▸ EXERCISE AIM: The whole listing is to be restated word for word with no images.

▸ GIVEN DATA:
----

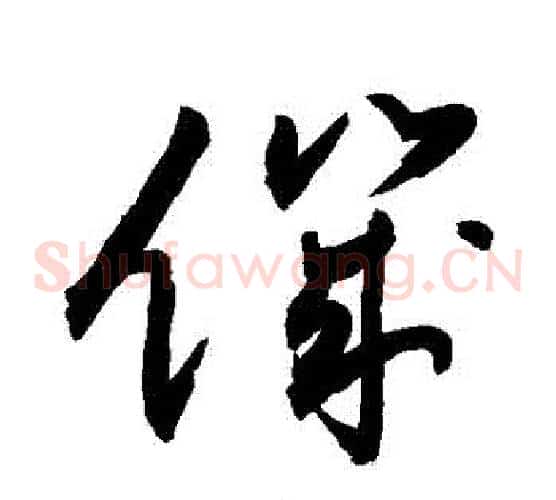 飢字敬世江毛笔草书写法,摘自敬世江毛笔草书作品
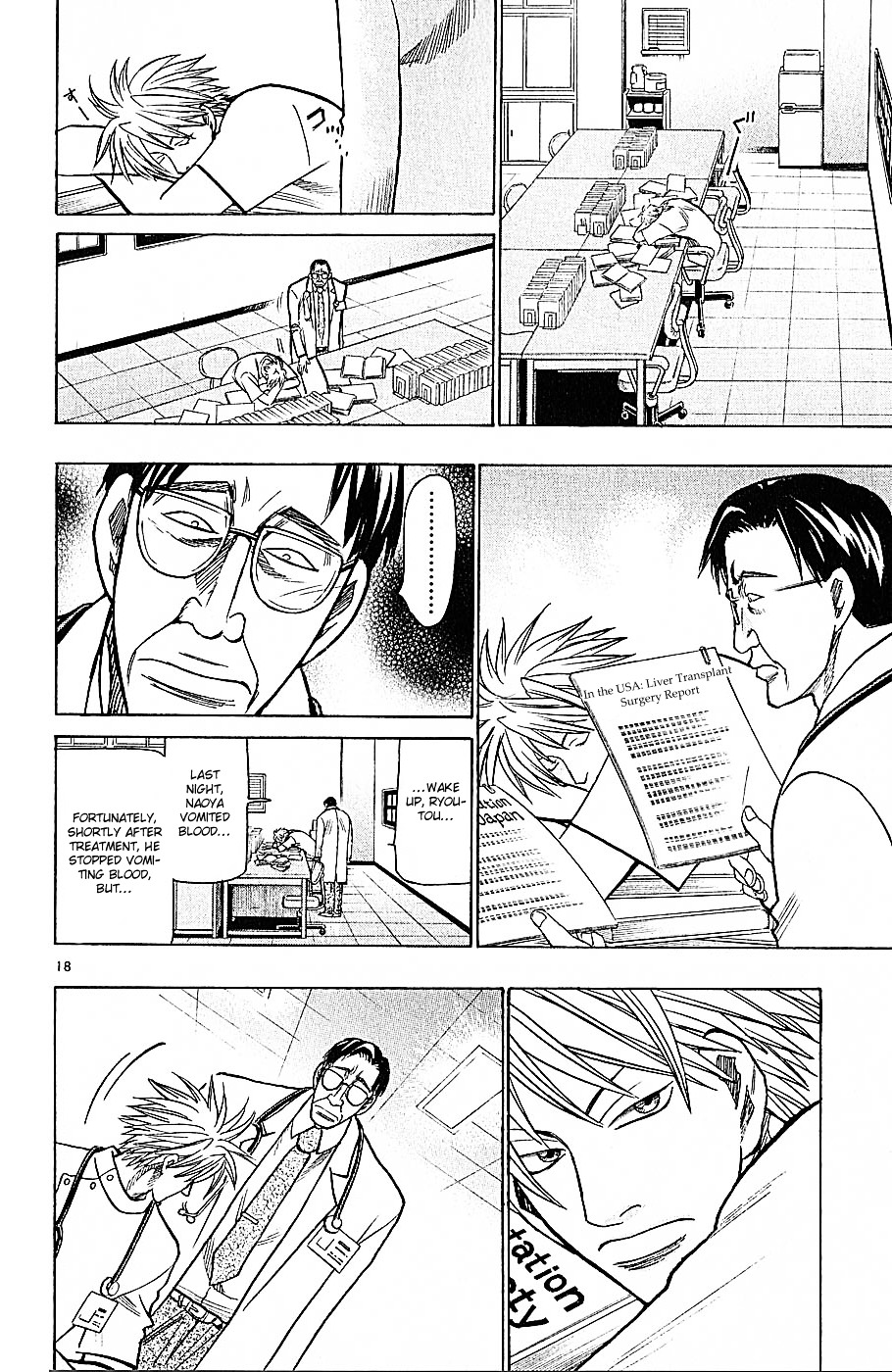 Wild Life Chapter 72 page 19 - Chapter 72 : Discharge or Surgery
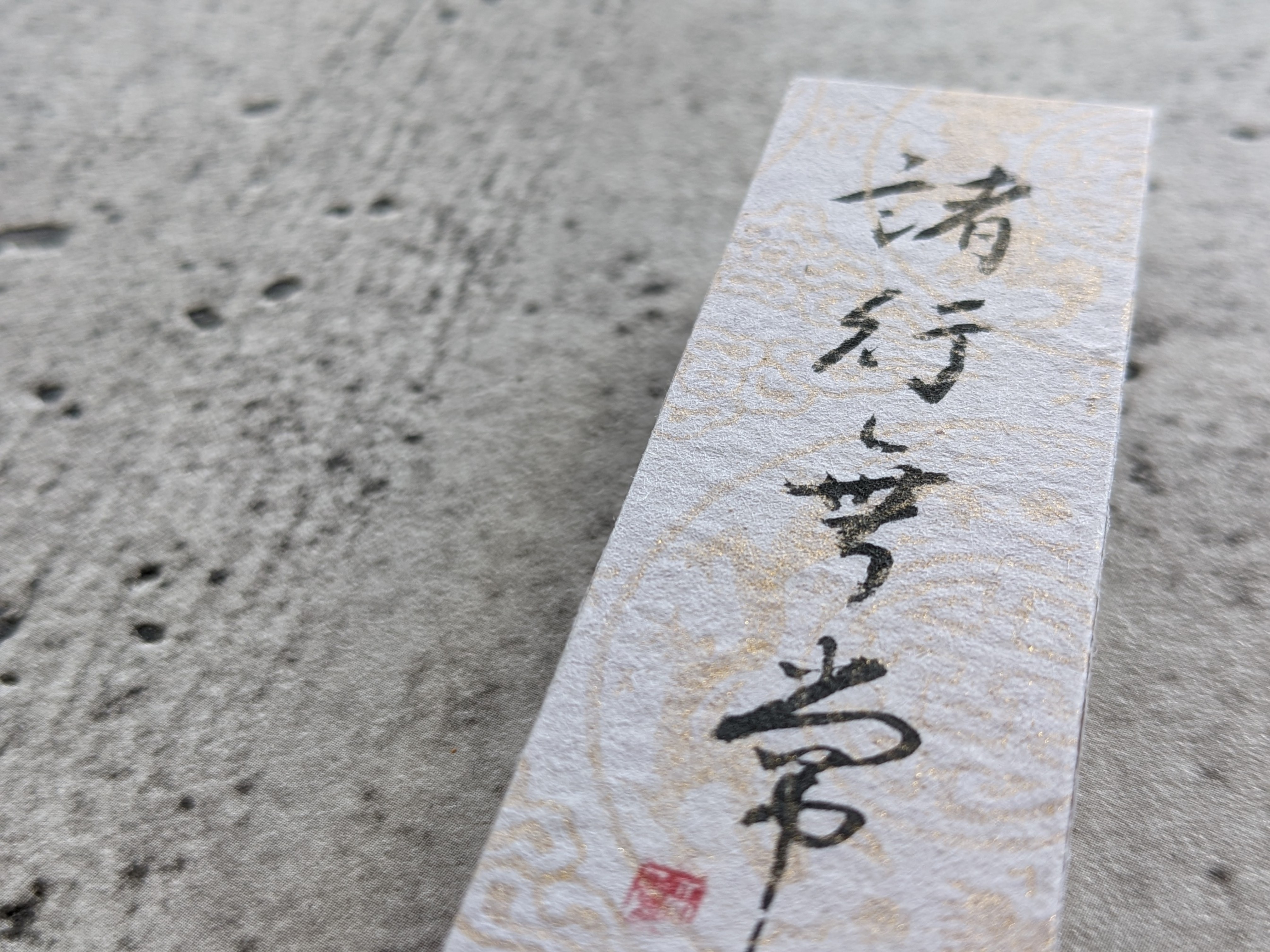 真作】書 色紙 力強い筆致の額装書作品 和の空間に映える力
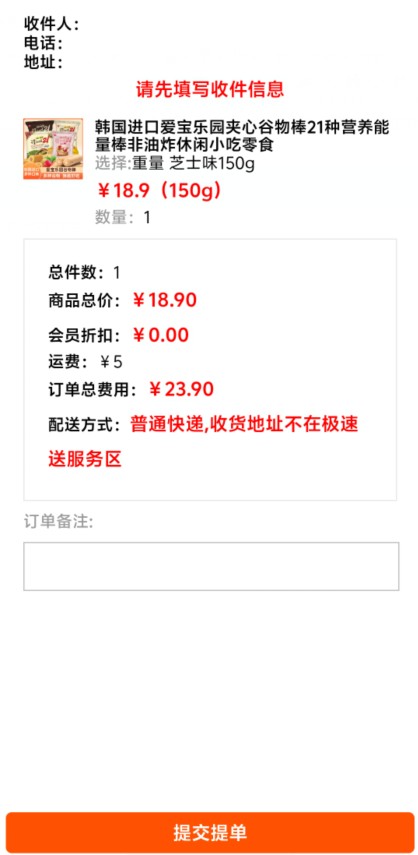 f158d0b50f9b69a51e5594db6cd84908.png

----

▸ REPLY:
 飢字敬世江毛笔草书写法,摘自敬世江毛笔草书作品
 Wild Life Chapter 72 page 19 - Chapter 72 : Discharge or Surgery
 真作】書 色紙 力強い筆致の額装書作品 和の空間に映える力
 f158d0b50f9b69a51e5594db6cd84908.png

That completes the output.